▶ **Directions**
Before you write out the listing, remove the pictures; everything else stays exactly as it is.

▶ **Data segment**

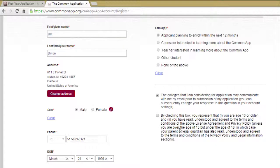Below that are two checked boxes. After reading and agreeing to the terms and conditions, check the boxes and select Create at the bottom right hand corner of the screen.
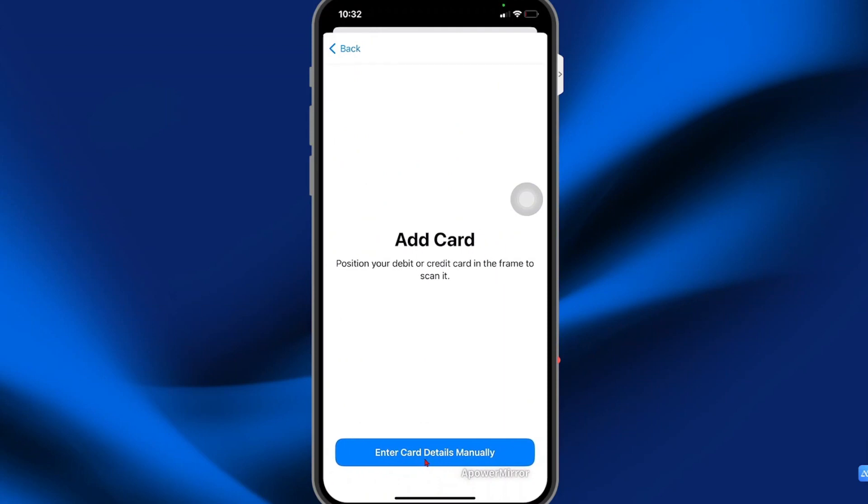Note, it also gives you the option to scan. However, because I'm screen recording, it's not showing that option. So I'm going to enter card details manually.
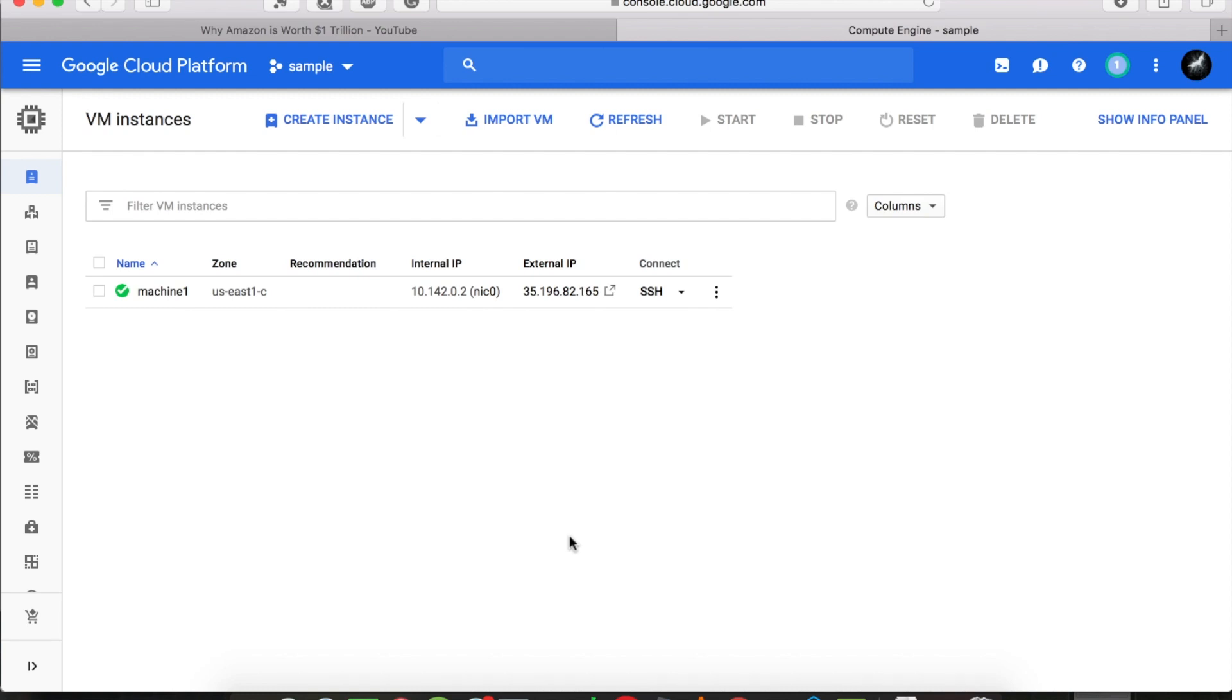What's up guys, today we are going to see how we can enable GPUs on our Google Cloud virtual machines.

▶ **Response below**
Below that are two checked boxes. After reading and agreeing to the terms and conditions, check the boxes and select Create at the bottom right hand corner of the screen.
Note, it also gives you the option to scan. However, because I'm screen recording, it's not showing that option. So I'm going to enter card details manually.
What's up guys, today we are going to see how we can enable GPUs on our Google Cloud virtual machines.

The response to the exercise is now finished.